Sexism was a different story. Women were accepted as singers—Billie Holiday, Ella Fitzgerald, Sarah Vaughan—but not as instrumentalists. It just wasn’t done. Many musicians, fans, record labels, critics, and others didn’t take female musicians seriously. This attitude was prevalent in the 1970s and ’80s and—let’s face it—it hasn’t entirely gone away.
But no one told that to Emily Remler.
Remler was a guitarist. She was a great jazz artist. She was fearless and assertive. And she was gaining acceptance and prominence when she died in 1990. She was only 32.
Remler grew up in Englewood Cliffs, New Jersey.

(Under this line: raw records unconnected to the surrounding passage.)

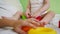 Baby and mom playing with colorful toys on the bed. Child plays in room on white bed with red and green cubes and rings.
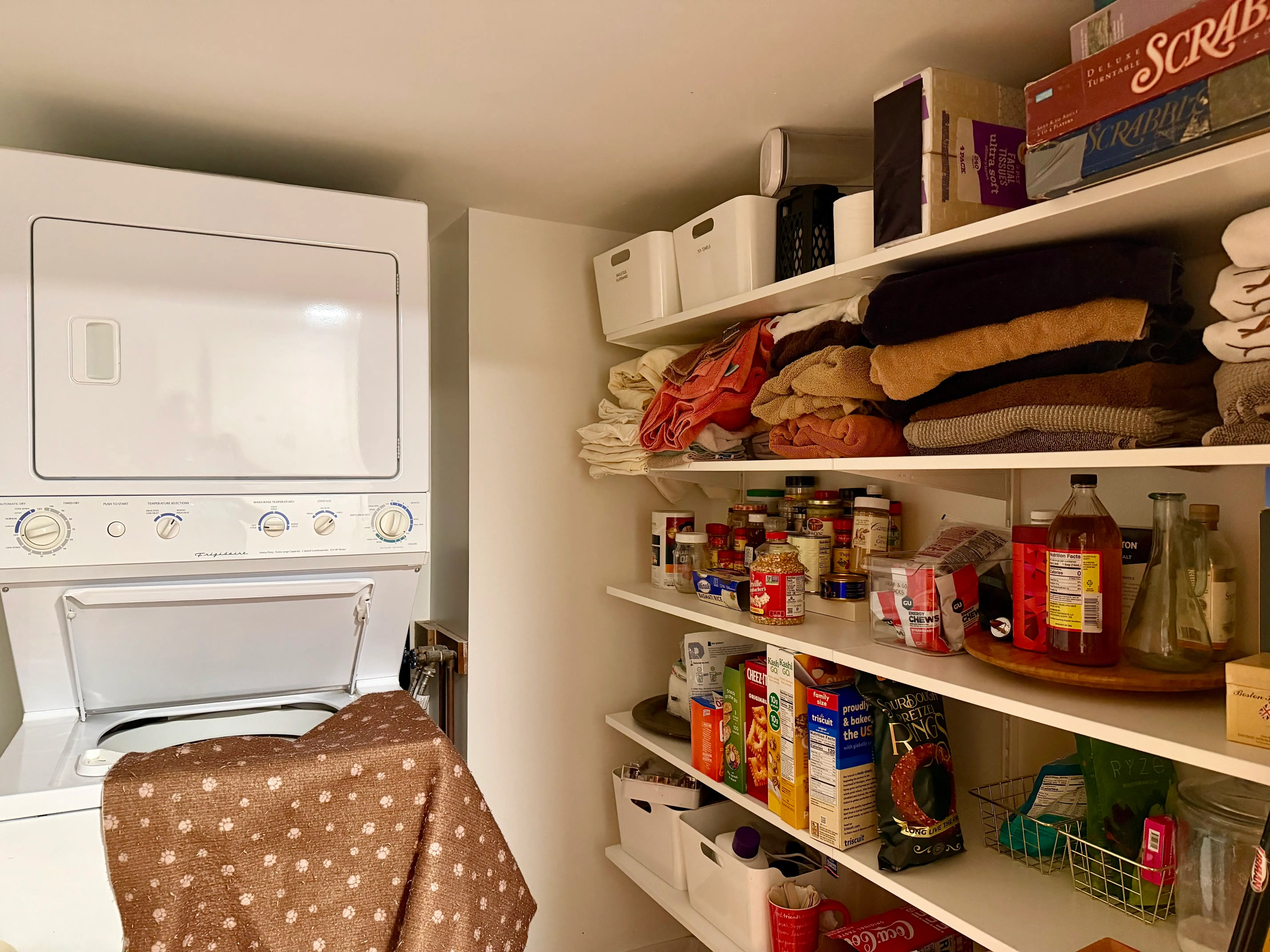 The laundry room has a pantry and linens.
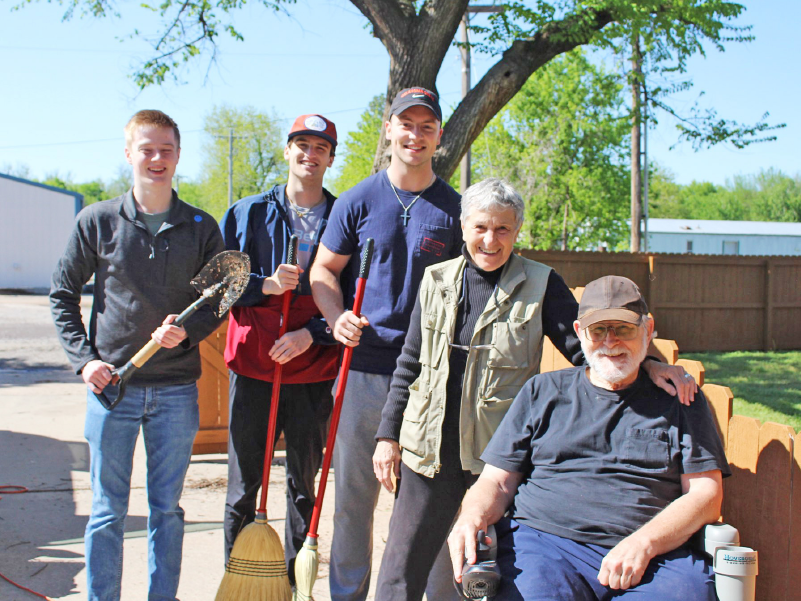 Volunteers smiling with local residents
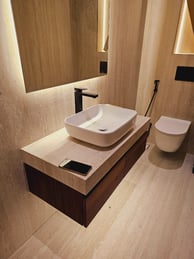 a bathroom with a sink and a phone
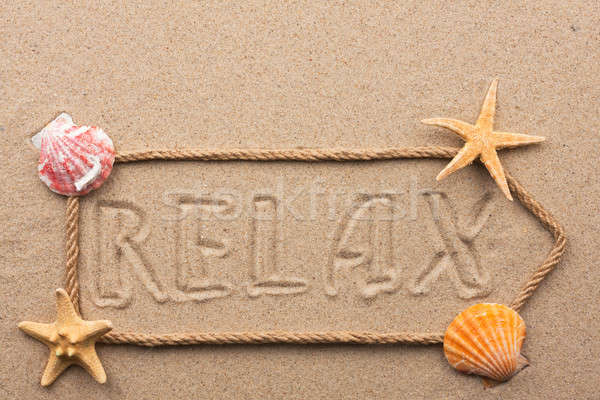 Arrow made of rope and sea shells with the word relax on the san Stock photo © alekleks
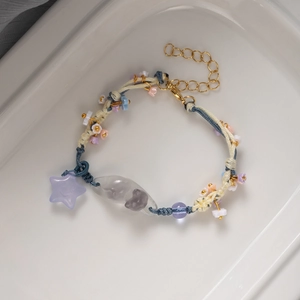 Handmade woven bracelet featuring orange beads, star charm, and cat beads on a ceramic tray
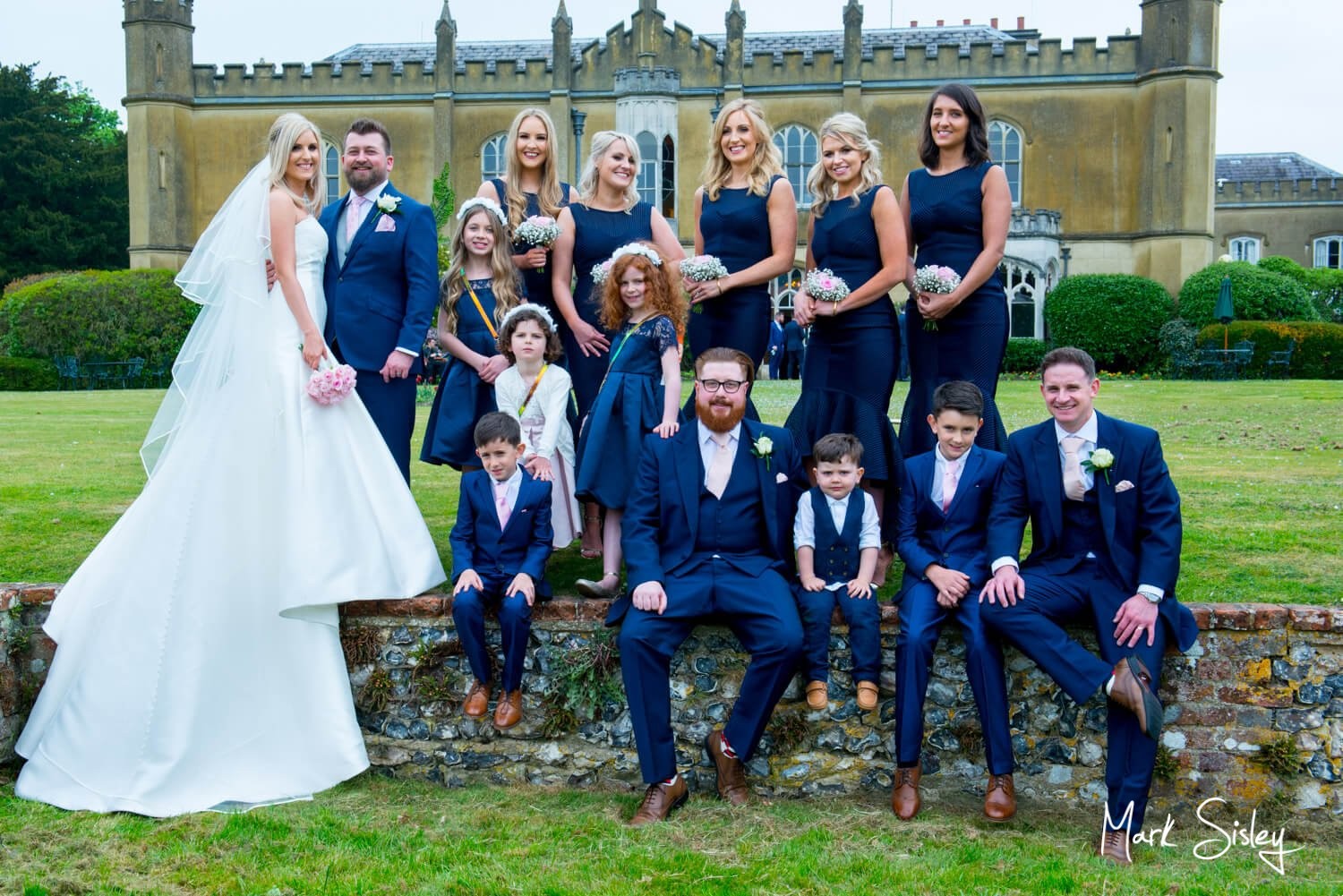 Missenden Abbey summer's wedding day pose with the bridal party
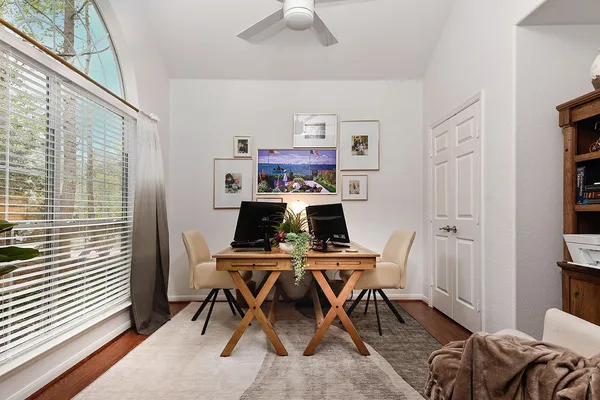 a work room with furniture and wooden floor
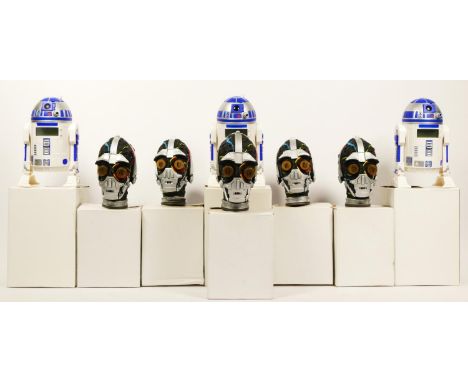 Three R2-D2 alarm clocks, boxed with instructions, together with five C3PO electronic heads, boxed, R2-D2 and C3PO toys givin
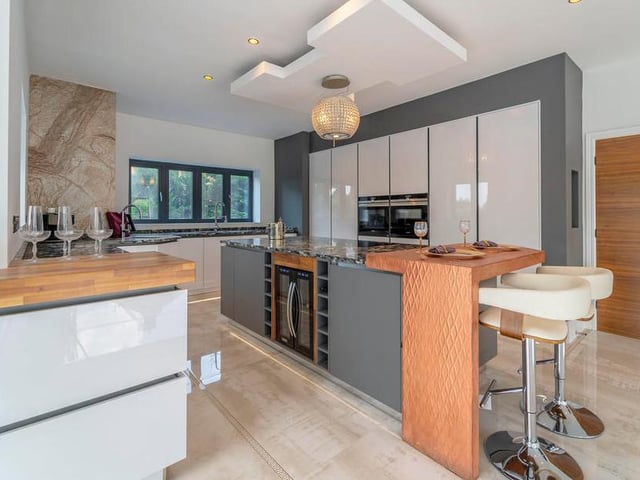 A wonderful open-plan kitchen diner and living space, 40 feet in length, is a highlight of the property. The bespoke German kitchen features a fully integrated wi-fi-enabled Siemens double oven, induction hob, fridge and freezer, AEG dishwasher, copper breakfast bar, Klarstein wine cooler and champagne trough..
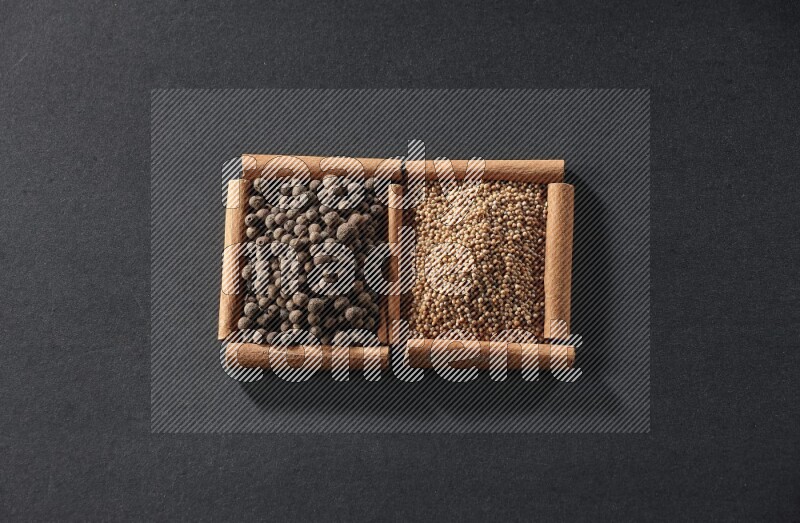 مربعان من أعواد القرفة ممتلئان بحبوب الخردل وحبوب بهار الفلفل الحلو علي خلفية سوداء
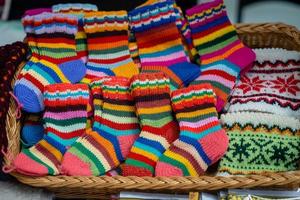 Traditional Latvian knitted woolen mittens and socks photo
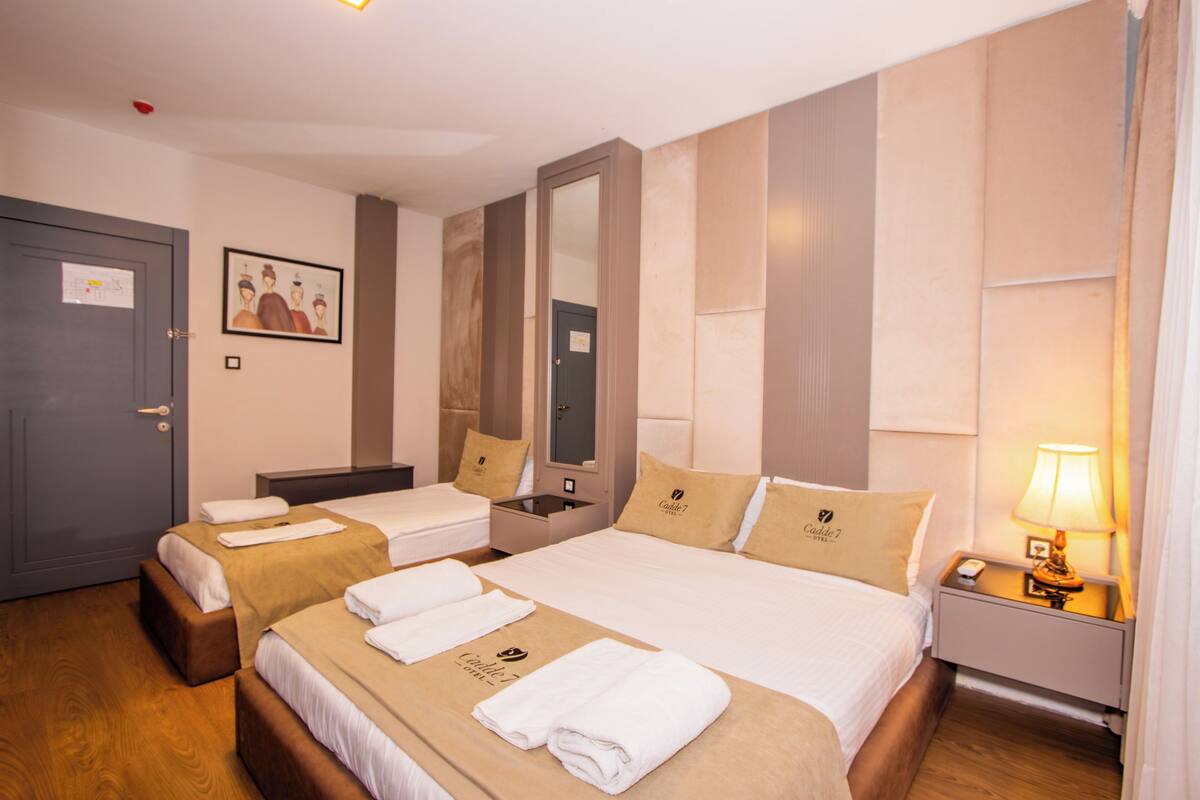 Camera d'albergo con due letti, un comodino, uno specchio e una porta.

She started playing the guitar at age 10 on her older brother’s cherry-red Gibson ES-330, the guitar she would use for most of her professional career. She learned simple folk tunes, Beatles songs, and Johnny Winter solos note-for-note, but it was just a hobby. She wasn’t serious yet and had other interests, like sculpture and drawing. Remler was sent to a private boarding school in Massachusetts to finish high school. She graduated young, at 16, and applied to music and art schools. She got accepted to one of each: the Berklee College of Music and the Rhode Island School of Design. She had to decide: music or art?
She chose music.
She told an interviewer for Down Beat magazine in 1985, “I was so frustrated with art. I couldn’t get it the way I wanted it. Music, at least you get more chances and a little more time and have the companionship of the other musicians.”
She wasn’t that good when she got to Berklee, and jazz was an alien art form. Miles Davis and John Coltrane were not on her radar. But Berklee was a diverse place, and jazz was more than Coltrane and Miles. She heard Paul Desmond, Pat Martino, and Wes Montgomery. That was more her speed—she loved it and became hooked.
Remler finished a two-year degree and graduated at age 18. She still wasn’t much of a guitarist (at least that’s what she said in interviews) but she’d learned a lot about music, including harmony, reading, and keeping time.
“[My] teacher told me that I had bad time. I rushed. I went home crying. Crying. But I bought a metronome. I worked with the metronome on two and four. I practiced with that thing and nothing else behind me,” she said in the same 1985 Down Beat interview. She worked hard at it, and eventually great time—her ability to swing—became a hallmark of her playing.
Her boyfriend at the time, Steve Masakowski, was from New Orleans, and they decided to move there. But she wanted to spend the summer practicing in New Jersey first, so she rented a room on Long Beach Island for eight weeks and worked on chord theory and soloing. She quit smoking. She lost weight. That’s where she learned how to play.
The Big Easy
When Remler moved to New Orleans, she got to work. Reading music got her a lot of gigs: hotel shows, weddings, anniversary parties, rhythm and blues gigs, jazz gigs, and all-night jams with the old-timers on Bourbon Street. She gigged with Wynton Marsalis and Bobby McFerrin. She backed up singers. She supported big names when they came to town: Robert Goulet, Rosemary Clooney, Nancy Wilson. Wilson took her on the road and brought her to the Lincoln Center’s Avery Fisher Hall. Remler was a big fish in a small pond, and because she could play and read, she was a first-call player in New Orleans.
Then Herb Ellis came to town, and Remler had to meet him. She had guts and ambition and was able to finagle a meeting. They played all afternoon. He was impressed.